Autotest

Wie uns der 3er Touring ins Staunen brachte

BMW setzt mit seiner Mittelklasse Maßstäbe. Nicht neu ist, dass Premiumqualität halt einiges kostet.

Sparsam, aber nicht billig: der BMW 3er Touring.  SN/kuntschik
Sparsam, aber nicht billig: der BMW 3er Touring.

Wer heute einen BMW fährt, der weiß ziemlich genau, was er bekommt: ein Fahrerlebnis, das keine Wünsche nach autonomen Computerspielen aufkommen lässt, sportliche Fortbewegung bei hoher Effizienz, verlässliche Technik und eine solide Ausstattung, wenn man ein paar Pakete dazu ordert. Das alles hat seinen Preis. Wie auch beim neuen 3er Touring in der Benzinerversion mit 258 PS, der in der Basis als Allradler bei 52.000 Euro beginnt und im Testwagen in der Linie M-Sport mit mehr oder weniger Komplettausstattung an der 90.000er-Schwelle kratzt.

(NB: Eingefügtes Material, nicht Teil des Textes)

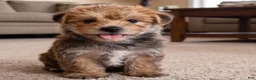 Morkie dogs for sale: Jasper - Ad 2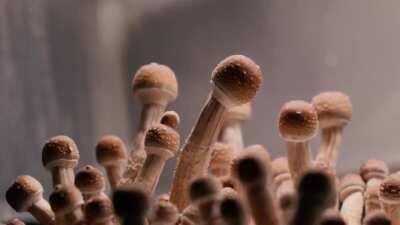 Time-lapse of P. cubensis Growing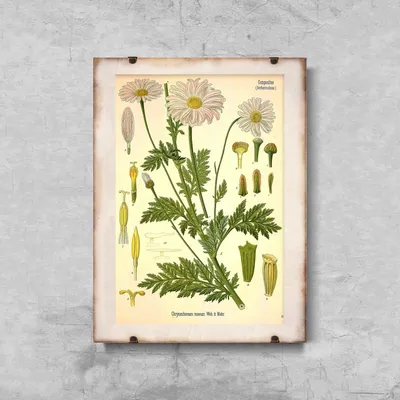 Produktbild von Poster - Canvas - Leinwand - 29,7 cm x 42 cm - Botanischer Anthemideae Compositae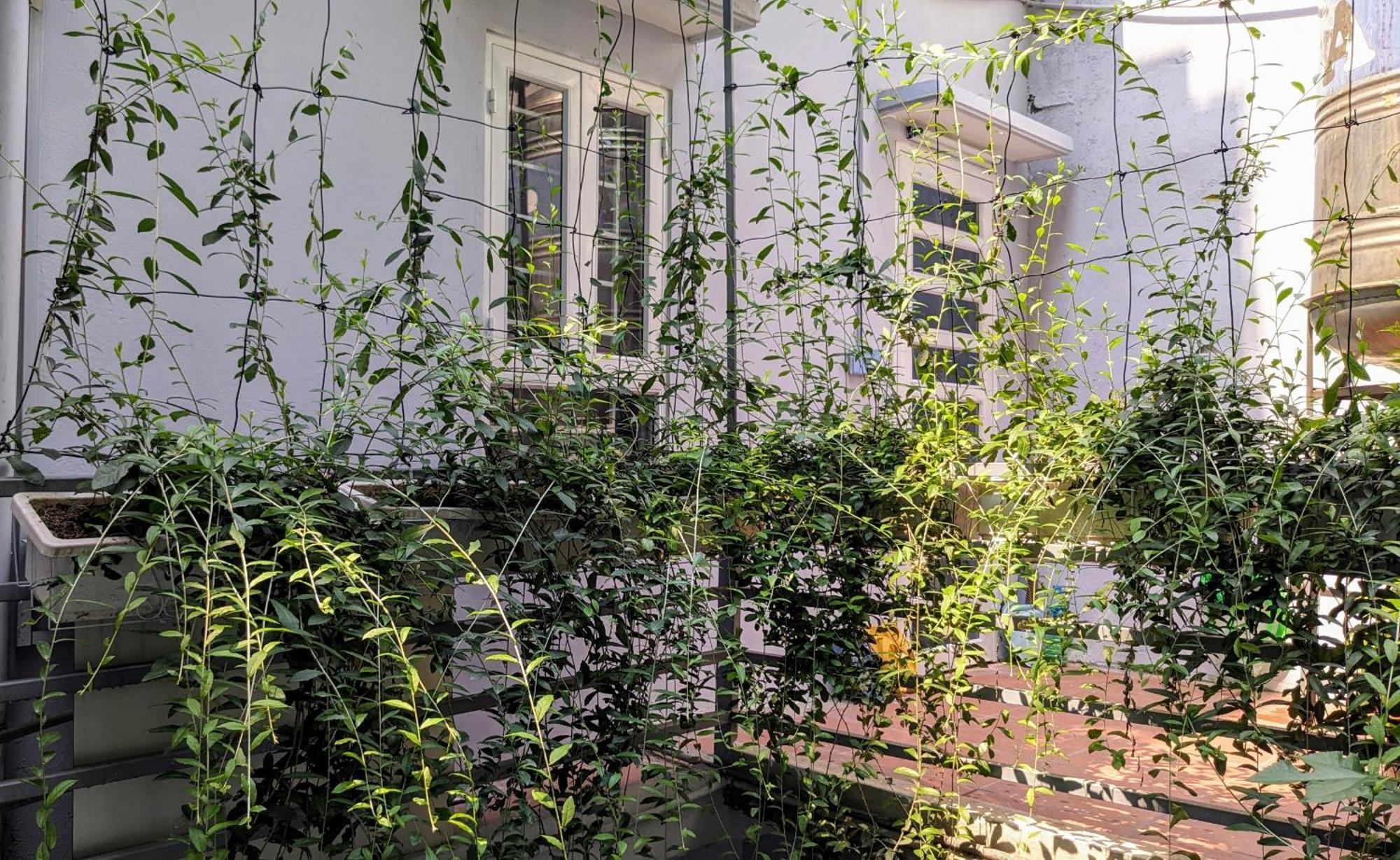 Goc Nho Ha Noi Homestay Hanoi Eksteriør billede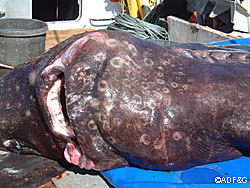 The specialized lips of the sleeper sharks enable the predators to inhale their prey their bottom teeth slice up anything too large to swallow whole The round scars on this shark are from the suckers on octopus tentacles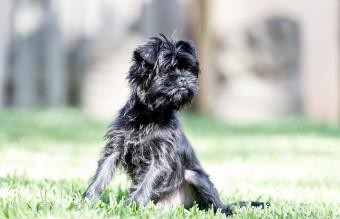 Guide de race Affenpinscher:petits chiens avec une grande personnalité 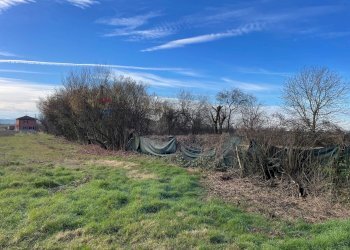 Giardino - Terreno agricolo VIA BOVINA, Mezzanino - foto 5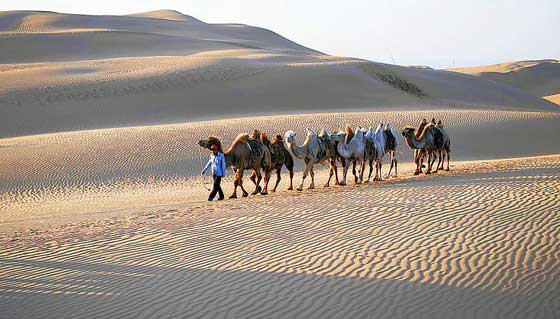 ���ݽ�����ģʽ ʮһ��ɳĮ���Ҙ���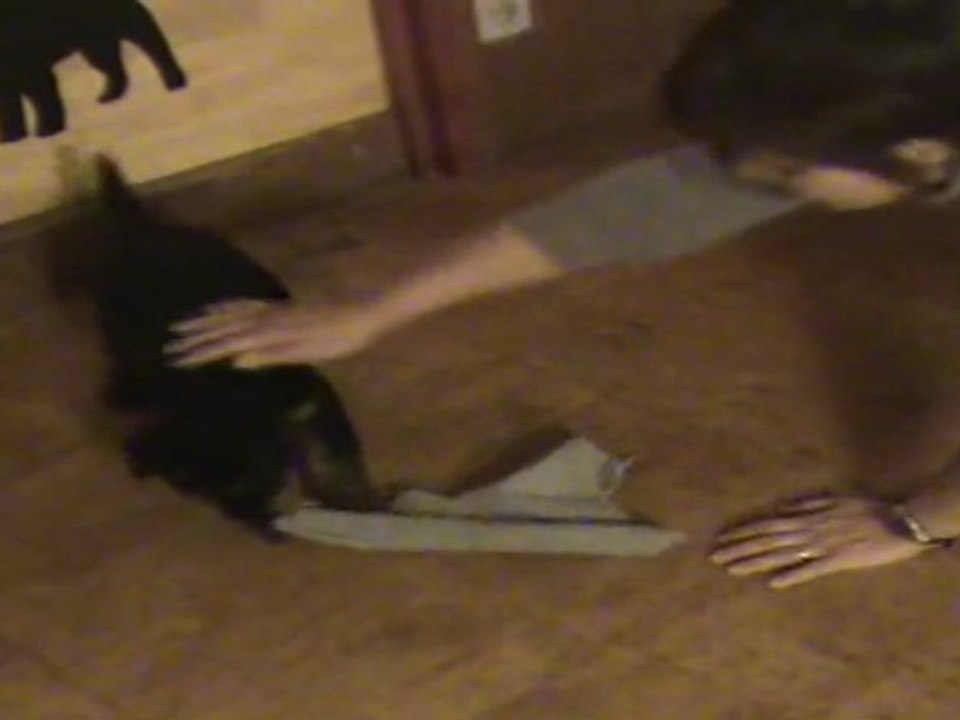 Mâle Airedale "Vert" - 03-03-2011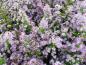 Preview: Ljungaster Lovely, Aster ericoides Lovely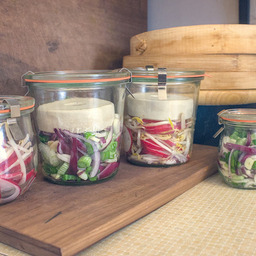 Four jars of vegetables, two large, two small. The larger ones have fermenting weights inside them. Two contain sliced radishes and soybean sprouts, the other two spring onions, red onions and garlic. 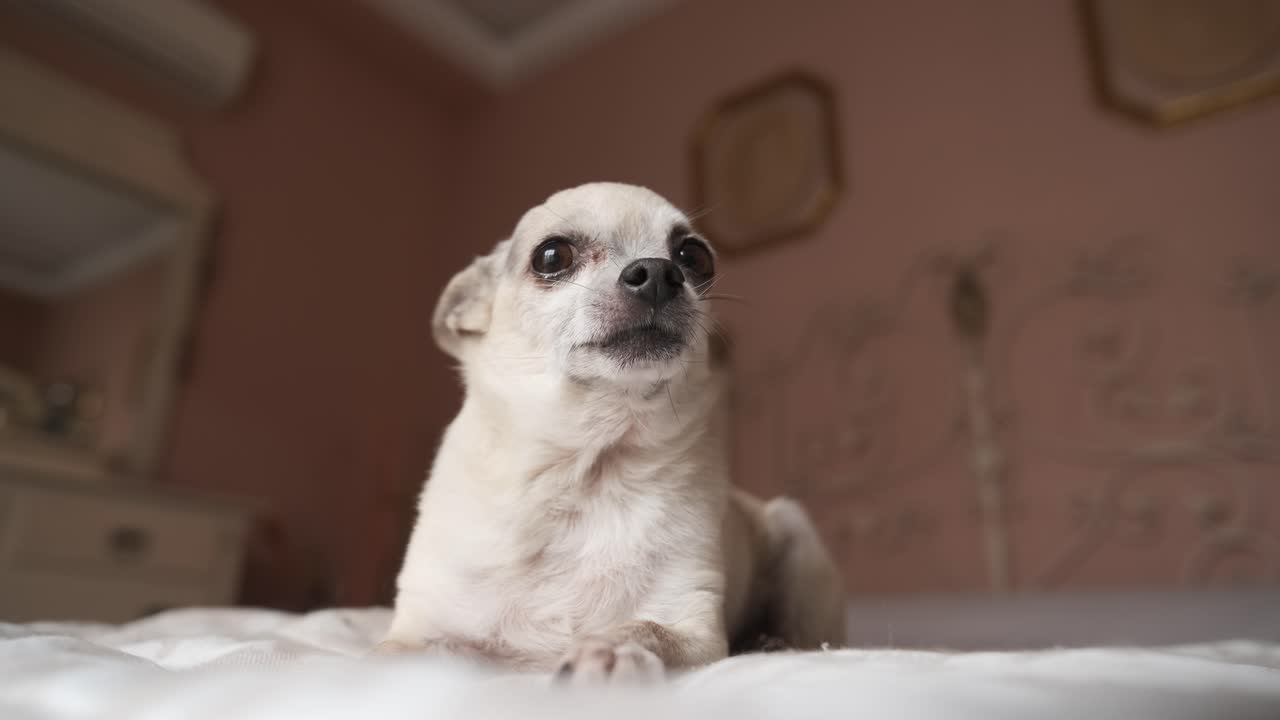 Cute white chihuahua dog sitting on cozy bed in bedroom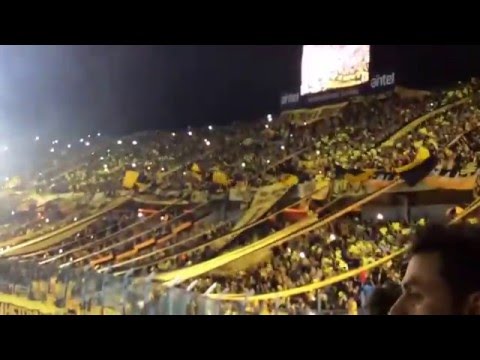 "Hinchada de Peñarol estadio campeón del siglo Inaguracion" Barra: Barra Amsterdam &bull; Club: Peñarol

Wie gesagt, so weit sind das keine Überraschungen. Was man bei deutschen Premiummodellen alles aufzahlen kann, ist nahezu unendlich. Dennoch fielen uns bei diesem Test zwei Dinge auf, die den 330i von der Konkurrenz abhoben (wir meinen jetzt nicht wieder den Preis) und ihn zu einem Liebling machten. Da wäre einmal der Verbrauch: Turbobenziner mit bärenstarken 258 PS und Allradantrieb - und auf Landstraßen nur 6,7 Liter im Schnitt. Mit Autobahn und Stadt pendelte sich die Konsumation des Zweiliter-Turbos (leer mit knapp über 1700 Kilogramm Gewicht) auf rund sieben Liter ein. Das war ordentlich und zeigt, dass die Münchner antriebsmäßig ziemlich weit vorn im Effizienzwettrüsten mitmischen.
Die zweite Überraschung: Verkehrszeichenerkennung. Eine Lotterie bei vielen anderen Herstellern mit Richtigkeit von gefühlten 50 bis höchstens 80 Prozent. Der neue 3er? 100 Prozent. Er schaffte, was andere nicht können: Die Tempolimits auf Überkopfanzeigen richtig zu erfassen, sogar die 140er-Tafel auf der A1 erkannte er (im Cockpit- und im Head-up-Display), was bisher noch keinem Mitbewerber gelang; dazu vorausschauende Anzeigen von bald folgender Tempolimitänderung oder Überholverboten, außerdem Anzeige von gefährlichen Kurven usw. - wir waren schwer beeindruckt. Vielleicht ist autonomes Fahren bei BMW aus heutiger Sicht doch nicht so abwegig wie bei den meisten Konkurrenten. Denn auch die anderen Assistenten (adaptiver Tempomat, Spurhalter, unüberseh- und -hörbare Spurverlassenswarnung, Lenkeingriff, Rundumkamera, Parkassist etc.) waren verlässlich, aber das war schon bisher auch so.

Dass BMW jetzt das digitale Cockpit ins richtige Umfeld brachte, ist auch positiv zu erwähnen - auf die nach rechts "abbiegende" Mittelkonsole, die früher den Beifahrer massiv einengte, wird verzichtet, sie bleibt geradlinig mittig. Dass die Gestensteuerung etwas für verspielte Technikfreaks ist und eigentlich massiv ablenkt, wussten wir auch schon. Die Fülle von Bedienelementen reicht allemal. Und das Platzangebot im Fond, na ja, für Basketballer ist es nicht geschaffen. Aber der Kofferraum reicht für den Ausflug auf die Weinstraße.

Im Test: 330i xDrive Touring

Test 330i xDrive Touring
Motor/Fahrwerk Reihen-Vierzylinder-Turbobenziner (Twin Power), 1998 ccm, 190 kW/258 PS bei 5000-6500 U/min, 400 Nm bei 1550-4400 U/min. Achtgangautomatik Steptronic, Allradantrieb.
Maße/Gewichte L/B/H 4709/1827/1445 mm, Radstand 2851 mm, 1715 kg, zulässig 2260. Kofferraum 500-1510 l, Tank 59 l, Wendekreis 12,0 m.
Fahren/Verbrauch Spitze 250 km/h, Beschleunigung auf 100 km/h 5,8 Sek. Verbrauch 7,9/5,5/6,6 l/100 km (CO2: 151 g/km, Euro 6-Temp), im Test 6,7-7,2 l.
Preis 52.400 Euro; Testwagen Linie M-Sport 87.960 inkl. M-Sport (5550 Euro netto), diverse Pakete (8840), Sportdifferenzial (1175), Pano-Glasdach (1260) etc. Einstieg Touring: 320d 44.000 Euro.